On Wednesday’s class, representatives from ‘Get a Cane’ came and introduced their non-profit organization to the class. The mission of this non-profit organization is to collect and redistribute medical and mobility devices to economically disadvantaged persons in the community. The reason this non-profit organization came into existence is because the founder discovered the need for medical/mobility devices at an early age, when he was volunteering at Thornton Hospital. It was his first day as a volunteer, and saw how a man fell to the floor as he approached the entrance door of the hospital. He soon discovered that the man had cardiac problems, and had to walk a long distance to get to the hospital from his car. If only the man had access to a mobility device, such as a wheelchair, perhaps this incident would have been prevented altogether. From this moment, he realized something had to be done, in order to increase medical/mobility device accessibility, so he started his own non-profit in college, with the help of a few fellow students. They’re currently serving San Diego residents, but are hoping to expand their services to Mexico. Overall, I am quite amazed to hear that college students managed to start this non-profit organization on their own and actually run it. I wonder if they had to pass a lot of loop holes to actually make this happen or if it was a smooth process. I regret not asking them these questions in class. Nonetheless, I admire their passion and dedication and wish them the best of luck, as they continue to expand their services. :)

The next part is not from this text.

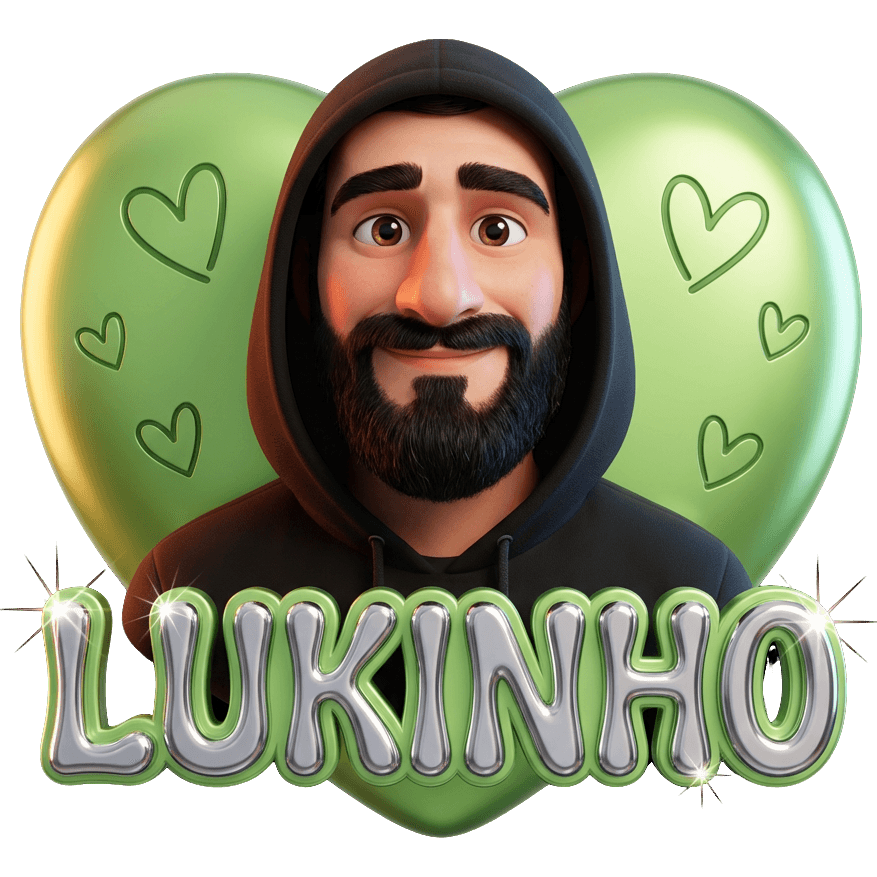 LUKINHO ნინძა TikTok LIVE gift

I’m truly amazed at how well Casa de Manana treats their residents. When I heard they assist residents with as little or as much service as they want or need delivered to the privacy of their home at Casa on their schedule, I quickly realized that Casa de Manana truly respects their residents by ultimately respecting their level of independence. Staff members are not playing around when they say Casa de Manana is an ‘extraordinary retirement resort community.’ You honestly do not have to look inside Casa de Manana to realize that it is not your typical retirement home, since it is literally located right next to the La Jolla coast. Just by standing on Casa de Manana’s front porch, you can literally smell and see the ocean. Once you step inside, you quickly realize the luxurious common areas and the many opportunities to get involved in all sorts of fun activities (ocean walks, musical programs, classes/lectures). With these high living standards, I’m not surprised to hear that the average age of most residents is in the 90s.
However, I was quite surprised that despite how much residents pay to live in Casa de Manana (ranges anywhere from $3,555 to $10,425 a month) not all the rooms have sufficient ventilation. I also find it interesting how Casa de Manana provides access to an on-site wellness clinic, yet this clinic is right next to a smoking site. So even though residents are receiving healthcare, the location in which they are receiving this type of care is not the best. Based on this observation, I discovered there is no perfect retirement community, but oftentimes money leads to overall better services and therefore healthier aging. I honestly do not think this is fair and for this reason, in my Healthy Aging Project, I hope to provide similar healthy aging services to retirement homes that currently have a small budget.